┌──
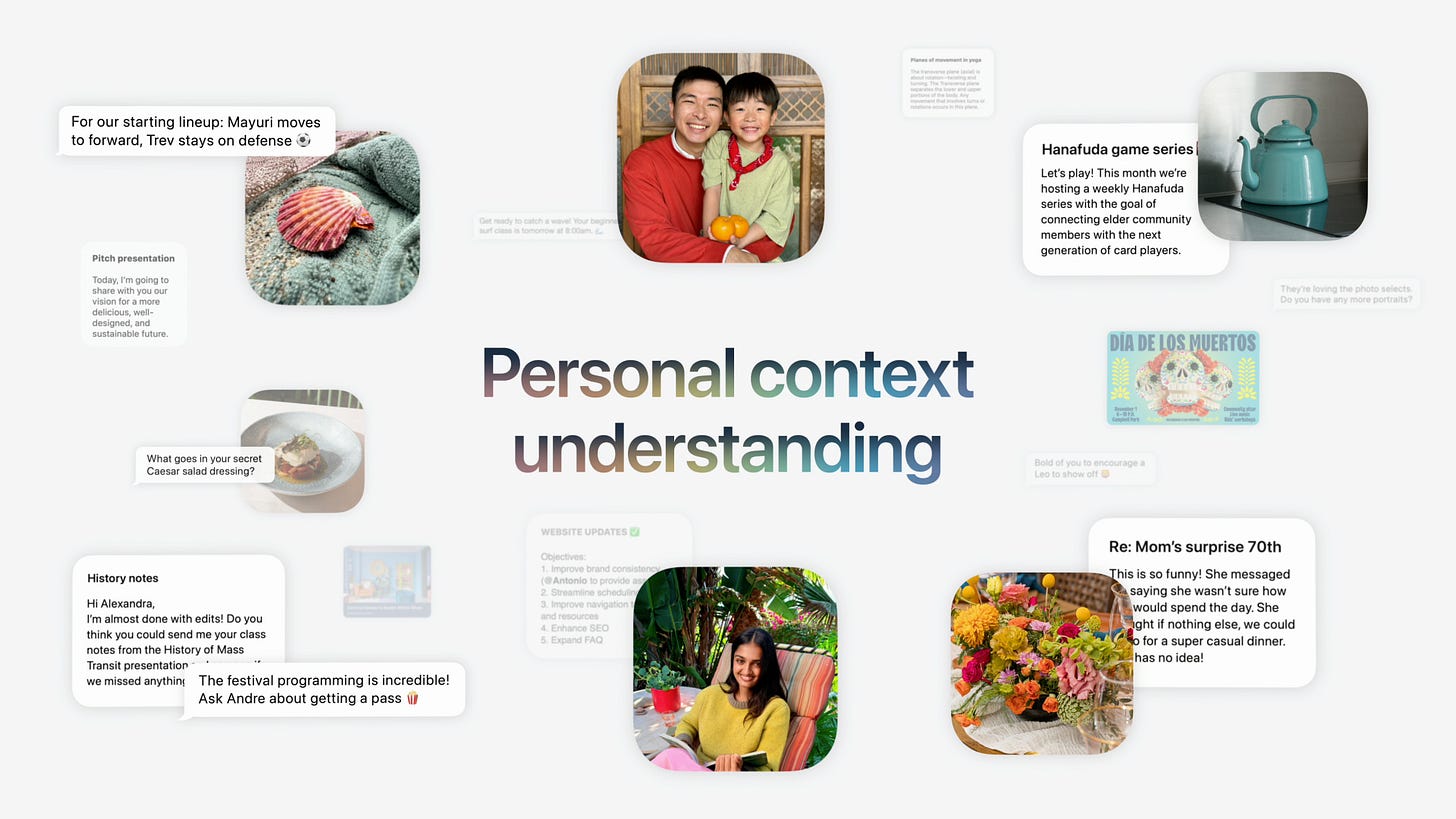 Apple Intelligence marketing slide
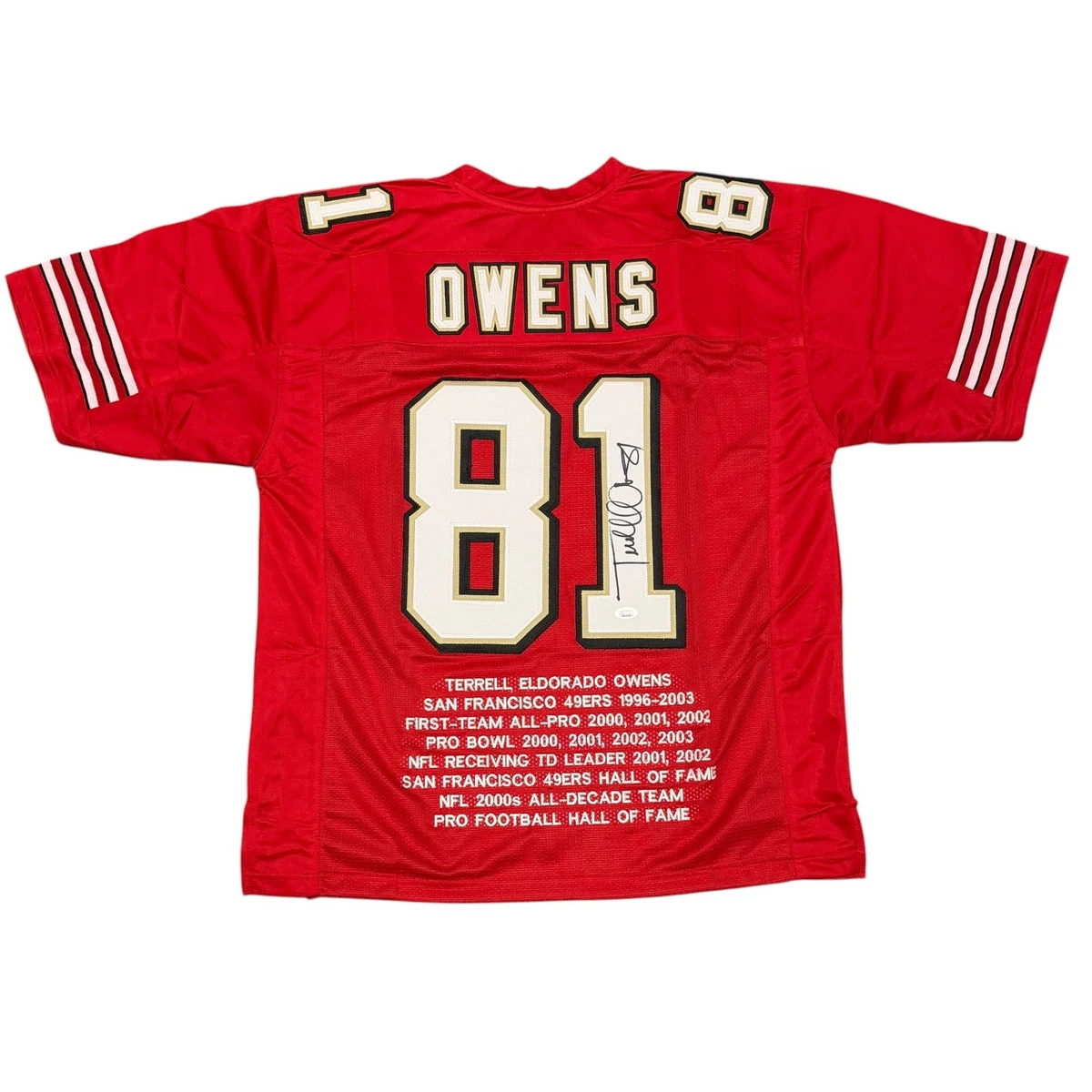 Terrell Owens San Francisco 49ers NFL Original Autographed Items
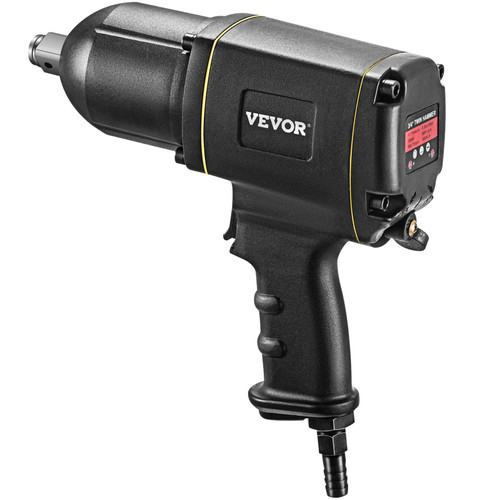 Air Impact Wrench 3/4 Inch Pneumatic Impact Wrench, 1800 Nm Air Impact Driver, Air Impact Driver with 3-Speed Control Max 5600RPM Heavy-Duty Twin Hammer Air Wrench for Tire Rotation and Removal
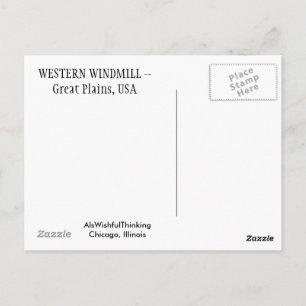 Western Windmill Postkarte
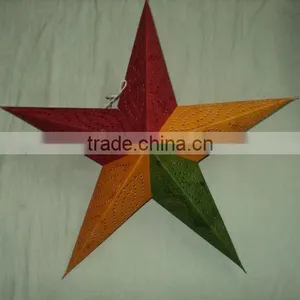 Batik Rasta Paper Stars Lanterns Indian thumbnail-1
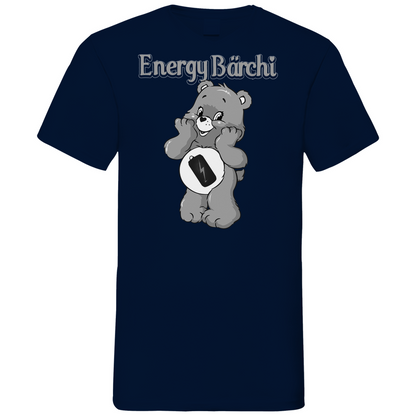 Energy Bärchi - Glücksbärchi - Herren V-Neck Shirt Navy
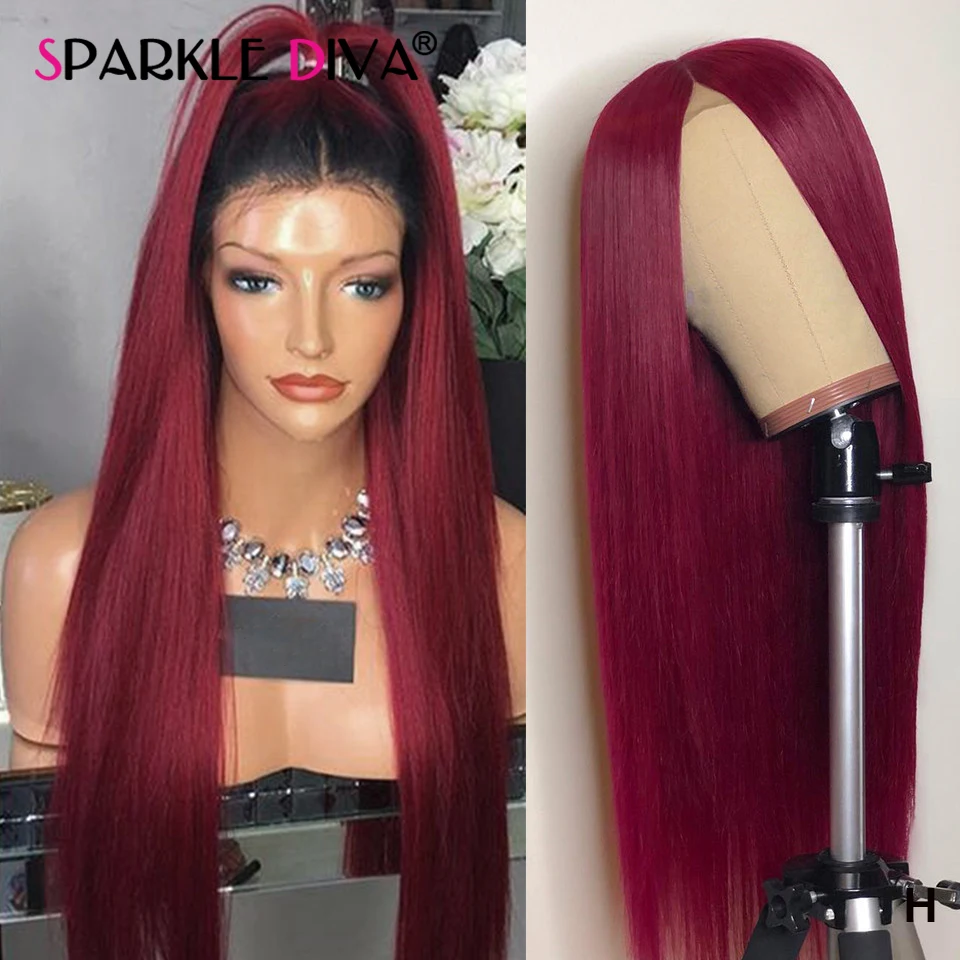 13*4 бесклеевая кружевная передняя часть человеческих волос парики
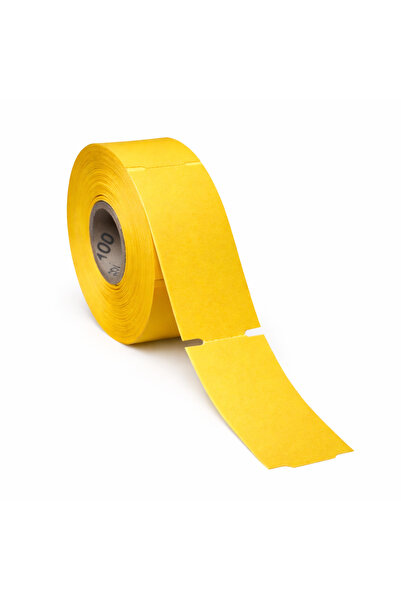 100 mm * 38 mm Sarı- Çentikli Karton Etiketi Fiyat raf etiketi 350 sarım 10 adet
└──
**What is being asked**
Pictures excluded, quote all the data above exactly.

**Task output**
 Apple Intelligence marketing slide
 Terrell Owens San Francisco 49ers NFL Original Autographed Items
 Air Impact Wrench 3/4 Inch Pneumatic Impact Wrench, 1800 Nm Air Impact Driver, Air Impact Driver with 3-Speed Control Max 5600RPM Heavy-Duty Twin Hammer Air Wrench for Tire Rotation and Removal
 Western Windmill Postkarte
 Batik Rasta Paper Stars Lanterns Indian thumbnail-1
 Energy Bärchi - Glücksbärchi - Herren V-Neck Shirt Navy
 13*4 бесклеевая кружевная передняя часть человеческих волос парики
 100 mm * 38 mm Sarı- Çentikli Karton Etiketi Fiyat raf etiketi 350 sarım 10 adet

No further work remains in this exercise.